3D pose estimation, or the problem of reconstructing the 3D position and orientation of a known object relative to a single 2D camera, also known as the perspective-n-point problem, is a well-researched topic in computer vision. In the special case of the Oculus Rift DK2, it is the foundation of positional head tracking. As I tried to explain in this video, an inertial measurement unit (IMU) by itself cannot track an object’s absolute position over time, because positional drift builds up rapidly and cannot be controlled without an external 3D reference frame. 3D pose estimation via an external camera provides exactly such a reference frame.
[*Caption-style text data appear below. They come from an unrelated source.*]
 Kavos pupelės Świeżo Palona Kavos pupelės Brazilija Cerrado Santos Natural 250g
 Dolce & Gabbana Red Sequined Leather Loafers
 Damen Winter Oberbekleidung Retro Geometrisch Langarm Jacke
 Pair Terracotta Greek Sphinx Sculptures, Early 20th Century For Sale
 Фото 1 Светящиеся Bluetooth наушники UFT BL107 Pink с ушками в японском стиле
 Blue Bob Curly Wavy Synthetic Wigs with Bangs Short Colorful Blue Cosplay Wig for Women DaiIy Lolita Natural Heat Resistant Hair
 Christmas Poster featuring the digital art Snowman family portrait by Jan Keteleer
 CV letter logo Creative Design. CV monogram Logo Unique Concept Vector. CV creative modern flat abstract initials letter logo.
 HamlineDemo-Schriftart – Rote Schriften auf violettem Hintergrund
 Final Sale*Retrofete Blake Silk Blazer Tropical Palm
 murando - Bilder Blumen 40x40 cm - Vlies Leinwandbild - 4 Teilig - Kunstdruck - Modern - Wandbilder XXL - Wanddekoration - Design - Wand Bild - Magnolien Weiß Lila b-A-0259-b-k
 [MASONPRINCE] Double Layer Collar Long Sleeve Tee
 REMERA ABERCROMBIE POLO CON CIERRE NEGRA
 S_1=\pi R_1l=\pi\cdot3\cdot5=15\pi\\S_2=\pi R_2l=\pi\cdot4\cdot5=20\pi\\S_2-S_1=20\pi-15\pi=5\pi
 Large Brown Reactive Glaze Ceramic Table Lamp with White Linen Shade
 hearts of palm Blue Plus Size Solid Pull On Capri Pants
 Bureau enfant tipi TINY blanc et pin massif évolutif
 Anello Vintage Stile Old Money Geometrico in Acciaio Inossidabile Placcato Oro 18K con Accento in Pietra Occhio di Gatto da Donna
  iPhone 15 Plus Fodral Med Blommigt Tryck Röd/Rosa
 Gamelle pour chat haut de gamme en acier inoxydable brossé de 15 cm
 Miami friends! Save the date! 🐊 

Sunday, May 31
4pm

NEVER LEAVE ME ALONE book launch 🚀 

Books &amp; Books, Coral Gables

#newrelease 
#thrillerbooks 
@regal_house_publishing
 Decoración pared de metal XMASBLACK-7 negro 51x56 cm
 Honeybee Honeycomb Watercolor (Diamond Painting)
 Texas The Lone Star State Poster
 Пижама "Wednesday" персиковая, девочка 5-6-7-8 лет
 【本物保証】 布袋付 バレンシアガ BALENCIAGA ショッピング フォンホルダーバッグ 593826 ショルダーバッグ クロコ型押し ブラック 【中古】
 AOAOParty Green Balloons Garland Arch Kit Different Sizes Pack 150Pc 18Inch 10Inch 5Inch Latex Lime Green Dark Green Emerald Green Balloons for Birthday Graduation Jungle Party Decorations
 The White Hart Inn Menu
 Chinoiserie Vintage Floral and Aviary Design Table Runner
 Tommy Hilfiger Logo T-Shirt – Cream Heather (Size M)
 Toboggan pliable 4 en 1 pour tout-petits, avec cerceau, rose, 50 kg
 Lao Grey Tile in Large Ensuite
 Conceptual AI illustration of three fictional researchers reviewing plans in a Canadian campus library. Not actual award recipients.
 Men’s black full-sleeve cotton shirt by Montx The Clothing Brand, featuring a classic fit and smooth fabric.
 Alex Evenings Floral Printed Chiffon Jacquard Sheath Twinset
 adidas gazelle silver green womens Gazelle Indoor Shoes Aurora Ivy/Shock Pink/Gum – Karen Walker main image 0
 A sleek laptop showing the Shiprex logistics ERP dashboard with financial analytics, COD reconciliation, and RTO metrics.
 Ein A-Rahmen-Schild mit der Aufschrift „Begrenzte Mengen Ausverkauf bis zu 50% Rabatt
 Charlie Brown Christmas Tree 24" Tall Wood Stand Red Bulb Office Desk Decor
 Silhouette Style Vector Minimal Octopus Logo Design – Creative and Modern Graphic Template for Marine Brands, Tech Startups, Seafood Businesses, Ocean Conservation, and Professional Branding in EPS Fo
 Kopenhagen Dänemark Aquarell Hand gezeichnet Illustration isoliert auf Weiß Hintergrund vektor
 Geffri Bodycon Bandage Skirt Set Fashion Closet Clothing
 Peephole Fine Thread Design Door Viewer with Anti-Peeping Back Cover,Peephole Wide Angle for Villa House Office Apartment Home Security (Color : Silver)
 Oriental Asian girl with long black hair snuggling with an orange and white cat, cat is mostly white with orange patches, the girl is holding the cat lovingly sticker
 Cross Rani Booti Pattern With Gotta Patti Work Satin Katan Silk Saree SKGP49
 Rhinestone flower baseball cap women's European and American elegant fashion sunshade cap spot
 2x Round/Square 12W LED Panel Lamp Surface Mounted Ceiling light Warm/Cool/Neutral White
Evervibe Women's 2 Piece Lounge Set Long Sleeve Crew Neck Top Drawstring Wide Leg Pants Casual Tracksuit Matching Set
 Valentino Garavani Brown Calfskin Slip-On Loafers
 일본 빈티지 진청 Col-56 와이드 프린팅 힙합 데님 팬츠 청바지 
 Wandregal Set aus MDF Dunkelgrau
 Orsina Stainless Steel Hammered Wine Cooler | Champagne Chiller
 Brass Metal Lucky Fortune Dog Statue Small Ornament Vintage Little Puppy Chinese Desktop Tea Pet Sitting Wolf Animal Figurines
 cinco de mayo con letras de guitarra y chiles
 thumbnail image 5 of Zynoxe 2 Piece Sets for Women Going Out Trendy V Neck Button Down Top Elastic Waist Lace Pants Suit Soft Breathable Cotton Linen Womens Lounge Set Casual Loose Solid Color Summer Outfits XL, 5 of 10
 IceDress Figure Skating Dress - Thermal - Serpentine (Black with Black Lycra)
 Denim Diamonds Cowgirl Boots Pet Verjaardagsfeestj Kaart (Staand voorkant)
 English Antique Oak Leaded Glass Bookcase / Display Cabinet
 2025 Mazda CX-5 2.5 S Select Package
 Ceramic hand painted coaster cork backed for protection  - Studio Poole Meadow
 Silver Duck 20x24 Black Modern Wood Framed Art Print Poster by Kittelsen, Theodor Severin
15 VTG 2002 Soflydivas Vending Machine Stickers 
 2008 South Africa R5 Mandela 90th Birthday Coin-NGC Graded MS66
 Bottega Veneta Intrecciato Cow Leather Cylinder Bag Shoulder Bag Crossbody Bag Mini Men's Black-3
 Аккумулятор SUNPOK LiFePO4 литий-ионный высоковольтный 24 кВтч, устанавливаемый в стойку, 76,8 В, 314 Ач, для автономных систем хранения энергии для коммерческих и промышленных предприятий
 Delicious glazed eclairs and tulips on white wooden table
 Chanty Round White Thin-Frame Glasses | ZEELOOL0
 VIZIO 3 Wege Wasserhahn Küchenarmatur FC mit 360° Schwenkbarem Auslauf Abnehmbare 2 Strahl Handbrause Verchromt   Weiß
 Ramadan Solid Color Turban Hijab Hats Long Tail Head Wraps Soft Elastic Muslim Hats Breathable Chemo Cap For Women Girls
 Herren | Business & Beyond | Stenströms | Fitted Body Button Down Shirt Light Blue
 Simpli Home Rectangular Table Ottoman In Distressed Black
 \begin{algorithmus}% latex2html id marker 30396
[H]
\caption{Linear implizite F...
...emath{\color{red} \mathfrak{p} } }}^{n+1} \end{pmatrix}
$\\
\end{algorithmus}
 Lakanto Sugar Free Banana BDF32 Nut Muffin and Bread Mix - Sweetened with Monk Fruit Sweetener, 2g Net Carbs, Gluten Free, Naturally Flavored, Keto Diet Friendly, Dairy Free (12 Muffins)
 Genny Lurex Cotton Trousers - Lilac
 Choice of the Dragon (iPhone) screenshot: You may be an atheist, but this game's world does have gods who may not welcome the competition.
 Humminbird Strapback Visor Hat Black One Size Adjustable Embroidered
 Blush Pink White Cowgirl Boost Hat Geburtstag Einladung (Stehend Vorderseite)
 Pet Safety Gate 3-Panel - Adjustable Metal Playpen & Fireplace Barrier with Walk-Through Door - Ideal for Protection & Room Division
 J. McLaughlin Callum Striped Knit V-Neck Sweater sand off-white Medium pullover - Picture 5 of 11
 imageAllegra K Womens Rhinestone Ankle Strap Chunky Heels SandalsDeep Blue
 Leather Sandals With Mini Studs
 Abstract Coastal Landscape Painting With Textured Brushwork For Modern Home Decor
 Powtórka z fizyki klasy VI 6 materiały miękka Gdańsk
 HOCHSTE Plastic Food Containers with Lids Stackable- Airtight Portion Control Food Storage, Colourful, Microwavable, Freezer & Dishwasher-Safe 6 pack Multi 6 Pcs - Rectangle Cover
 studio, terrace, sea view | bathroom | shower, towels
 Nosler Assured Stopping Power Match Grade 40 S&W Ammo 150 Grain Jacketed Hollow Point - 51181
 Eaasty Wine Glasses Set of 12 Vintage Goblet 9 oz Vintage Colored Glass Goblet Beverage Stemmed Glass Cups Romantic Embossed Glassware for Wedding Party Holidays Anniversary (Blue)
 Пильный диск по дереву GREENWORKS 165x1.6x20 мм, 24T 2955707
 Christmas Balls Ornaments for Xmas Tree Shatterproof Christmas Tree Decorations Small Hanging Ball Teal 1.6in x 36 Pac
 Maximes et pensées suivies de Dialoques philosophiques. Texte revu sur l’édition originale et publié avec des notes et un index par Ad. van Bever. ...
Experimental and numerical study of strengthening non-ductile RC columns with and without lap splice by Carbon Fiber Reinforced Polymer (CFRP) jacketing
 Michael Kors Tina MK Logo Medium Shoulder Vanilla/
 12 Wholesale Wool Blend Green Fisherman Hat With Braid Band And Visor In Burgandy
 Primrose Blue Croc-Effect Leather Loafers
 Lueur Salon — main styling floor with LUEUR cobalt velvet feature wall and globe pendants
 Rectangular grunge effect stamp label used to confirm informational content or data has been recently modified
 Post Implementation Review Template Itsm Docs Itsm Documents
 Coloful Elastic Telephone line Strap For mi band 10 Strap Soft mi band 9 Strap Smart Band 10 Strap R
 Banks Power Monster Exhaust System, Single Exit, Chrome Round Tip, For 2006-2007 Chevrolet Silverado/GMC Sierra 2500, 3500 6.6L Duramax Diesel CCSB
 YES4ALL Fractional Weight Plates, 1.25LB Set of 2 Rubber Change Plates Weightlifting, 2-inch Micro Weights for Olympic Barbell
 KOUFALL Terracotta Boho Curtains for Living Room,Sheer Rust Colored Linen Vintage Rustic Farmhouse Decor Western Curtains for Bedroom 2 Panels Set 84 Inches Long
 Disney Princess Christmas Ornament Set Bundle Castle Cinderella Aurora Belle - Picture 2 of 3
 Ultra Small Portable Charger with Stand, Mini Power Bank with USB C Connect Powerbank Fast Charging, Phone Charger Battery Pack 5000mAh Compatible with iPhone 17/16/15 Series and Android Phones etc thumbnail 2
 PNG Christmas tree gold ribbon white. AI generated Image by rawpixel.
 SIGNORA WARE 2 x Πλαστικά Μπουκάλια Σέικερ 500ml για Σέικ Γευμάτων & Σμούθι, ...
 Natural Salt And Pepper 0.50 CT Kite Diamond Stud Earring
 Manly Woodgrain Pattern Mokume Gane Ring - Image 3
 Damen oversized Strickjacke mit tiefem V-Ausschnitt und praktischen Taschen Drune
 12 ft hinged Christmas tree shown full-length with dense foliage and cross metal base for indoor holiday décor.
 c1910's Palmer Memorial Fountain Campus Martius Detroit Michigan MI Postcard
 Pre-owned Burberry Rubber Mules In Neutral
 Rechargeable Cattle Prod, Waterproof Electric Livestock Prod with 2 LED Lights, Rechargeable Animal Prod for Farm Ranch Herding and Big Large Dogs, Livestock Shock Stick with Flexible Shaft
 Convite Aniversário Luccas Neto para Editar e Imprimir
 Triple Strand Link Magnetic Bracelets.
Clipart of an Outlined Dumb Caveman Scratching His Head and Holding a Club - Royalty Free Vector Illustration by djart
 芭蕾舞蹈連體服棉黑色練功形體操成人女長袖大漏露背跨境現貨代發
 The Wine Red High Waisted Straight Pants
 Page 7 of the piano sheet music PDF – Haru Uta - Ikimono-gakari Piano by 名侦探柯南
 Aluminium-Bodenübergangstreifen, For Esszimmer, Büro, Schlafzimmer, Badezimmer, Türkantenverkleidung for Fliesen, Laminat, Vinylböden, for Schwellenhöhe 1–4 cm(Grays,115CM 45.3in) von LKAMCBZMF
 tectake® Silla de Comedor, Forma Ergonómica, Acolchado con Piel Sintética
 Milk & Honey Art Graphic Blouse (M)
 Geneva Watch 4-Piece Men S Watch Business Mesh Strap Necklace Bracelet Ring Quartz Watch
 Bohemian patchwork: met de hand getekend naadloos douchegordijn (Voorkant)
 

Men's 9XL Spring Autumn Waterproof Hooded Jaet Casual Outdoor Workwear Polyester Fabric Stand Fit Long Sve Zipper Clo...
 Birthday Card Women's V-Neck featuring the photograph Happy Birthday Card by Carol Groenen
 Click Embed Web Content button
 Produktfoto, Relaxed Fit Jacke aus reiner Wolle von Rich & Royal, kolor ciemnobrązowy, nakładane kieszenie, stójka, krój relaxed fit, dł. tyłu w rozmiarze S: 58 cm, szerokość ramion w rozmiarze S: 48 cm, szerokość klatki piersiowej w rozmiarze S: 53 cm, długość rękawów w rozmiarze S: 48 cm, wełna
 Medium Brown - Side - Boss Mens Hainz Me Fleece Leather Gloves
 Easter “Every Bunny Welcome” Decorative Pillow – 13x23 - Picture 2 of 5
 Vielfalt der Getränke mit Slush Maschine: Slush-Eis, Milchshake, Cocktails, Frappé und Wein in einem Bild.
So why was it so important to be able to identify LEDs in the tracking camera’s video stream? At its heart, 3D pose estimation is a multi-dimensional non-linear optimization problem. Given a known model, i.e., a collection of 3D points such as the DK2’s tracking LEDs, a camera with known intrinsic parameters, and a set of 2D points in the camera’s image, such as the set of extracted LED blobs, one can try to reconstruct the unknown position (tx, ty, tz) and orientation (yaw, pitch, roll) of the model with respect to the camera (in reality, one would never use yaw, pitch, and roll angles to do this, but that’s a technical detail). In theory, the approach is simple. Given a candidate set of unknown parameters (tx, ty, tz, yaw, pitch, roll), one takes the set of 3D model points, transforms them by the rigid body transformation defined by the six parameters, projects them into image space using the camera’s intrinsic parameters, and then calculates the sum of their squared distances from the true observed image points (this is called reprojection error). This process defines an error function F(tx, ty, tz, yaw, pitch, roll), and the problem is reduced to finding the set of parameters that globally minimizes the value of the error function.
But here’s a problem: Given a predicted image point, which one of the observed image points should it be compared to? Without knowing anything else, one would have to test all possible associations of observed and predicted image points, and pick the association which yields the smallest error after optimization. Unfortunately, there are a lot of possible associations; in general, if there are N predicted image points and M<=N observed image points, then there are N!/(N-M)! possible associations. To pick an example, for N=40 (number of LEDs on DK2) and M=20, there are 335,367,096,786,357,081,410,764,800,000 potential associations to test, and that’s a large number even for a computer. There are many heuristic and/or iterative methods to establish associations automatically, but they tend to be rather slow and fragile. The best approach, obviously, is to somehow make it possible to identify a-priori which observed image point belongs to which 3D model point, and the DK2’s flashing 10-bit patterns do exactly that. Well played, Oculus.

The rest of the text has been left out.